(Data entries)
--------
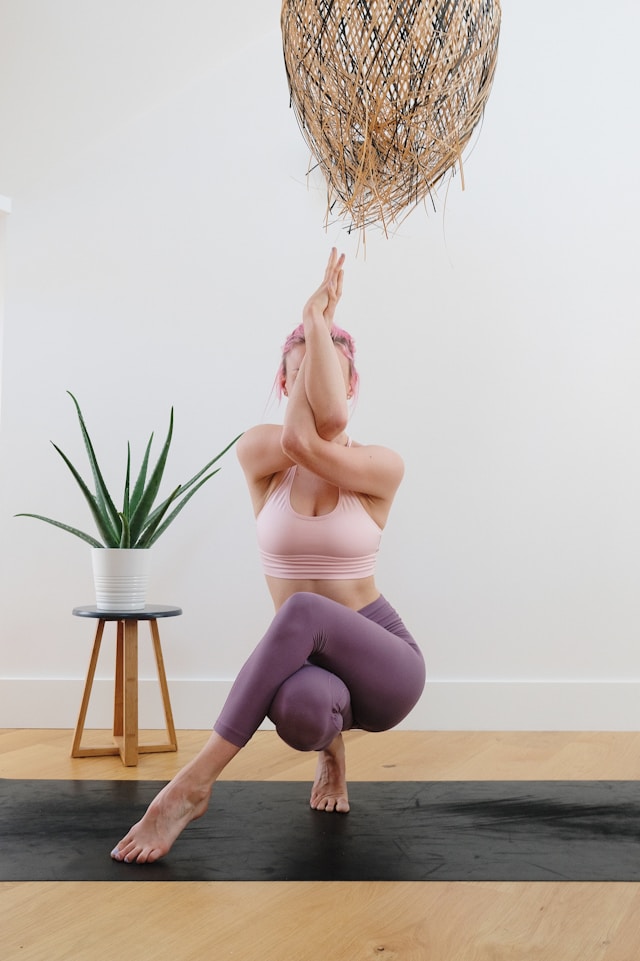 image shows a woman doing yoga at home she is doing an eagle pose variation blog post is about starting a yoga practice at home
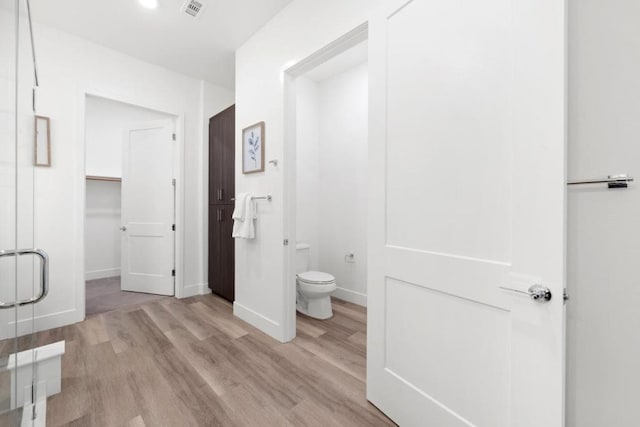 bathroom featuring hardwood / wood-style flooring, walk in shower, and toilet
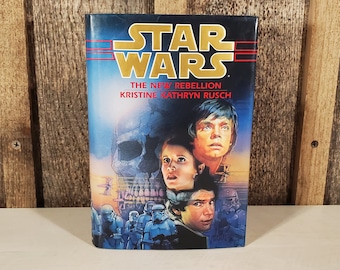 May include: A paperback book cover for "Star Wars: The New Rebellion" by Kristine Kathryn Rusch. The cover features a skull, Luke Skywalker, Princess Leia, and Han Solo.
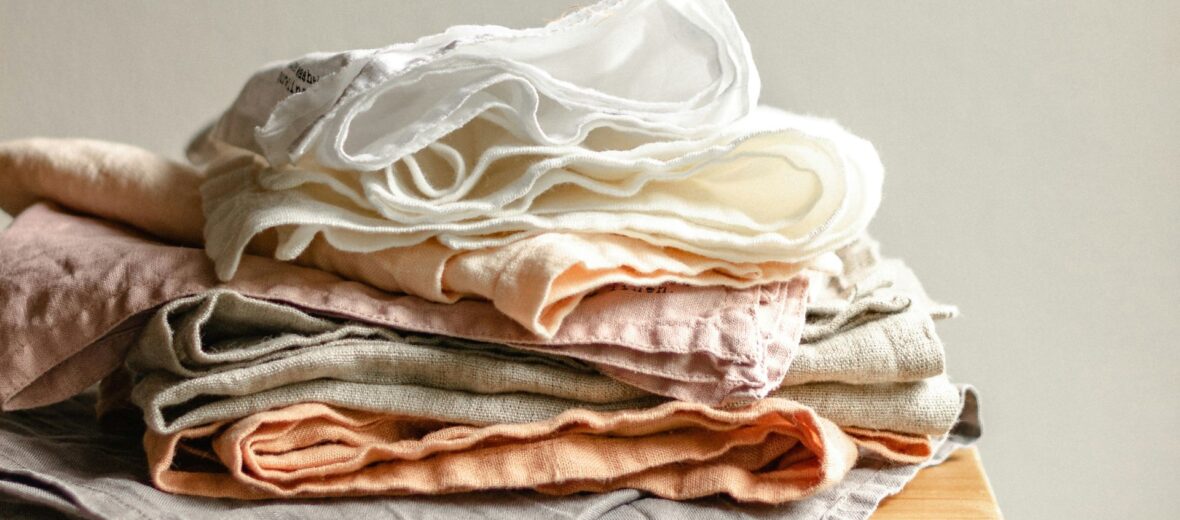 Bild zeigt mehrere Textilien unordentlich übereinander gestapelt auf einem Holztisch. (c) Svitlana on Unsplash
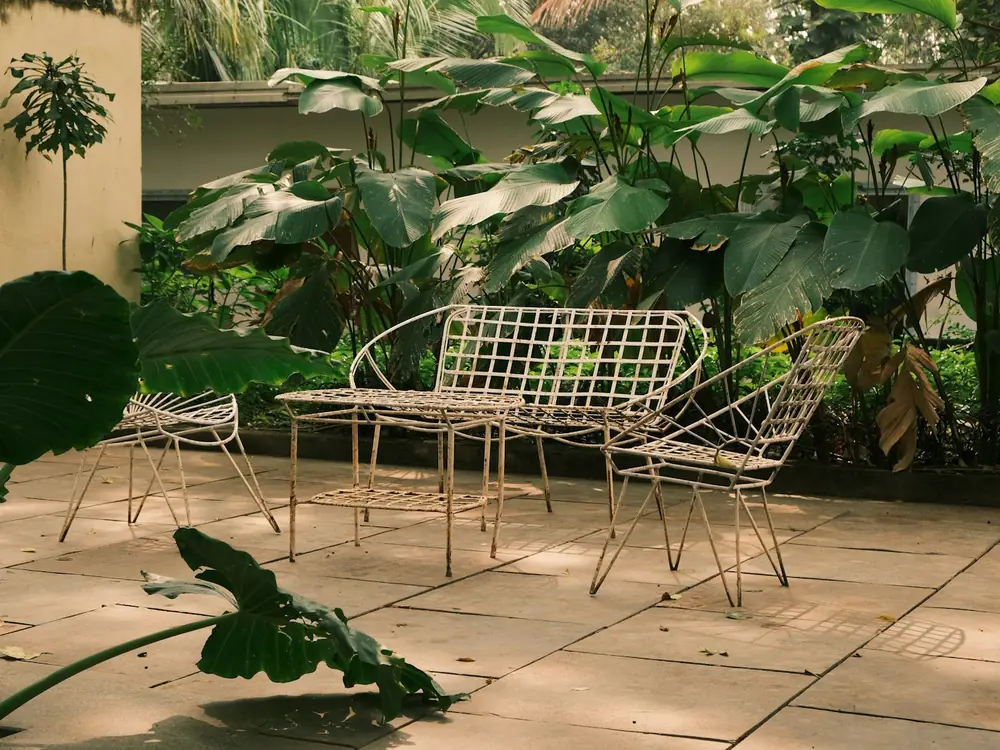 Stone-tiled courtyard alfresco with wire outdoor chairs and tropical plants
--------
What to do:
Output only the lines running from the one containing "bathroom featuring hardwood" to the end of the records, inclusive and exact; skip the pictures.

Answer:
 bathroom featuring hardwood / wood-style flooring, walk in shower, and toilet
 May include: A paperback book cover for "Star Wars: The New Rebellion" by Kristine Kathryn Rusch. The cover features a skull, Luke Skywalker, Princess Leia, and Han Solo.
 Bild zeigt mehrere Textilien unordentlich übereinander gestapelt auf einem Holztisch. (c) Svitlana on Unsplash
 Stone-tiled courtyard alfresco with wire outdoor chairs and tropical plants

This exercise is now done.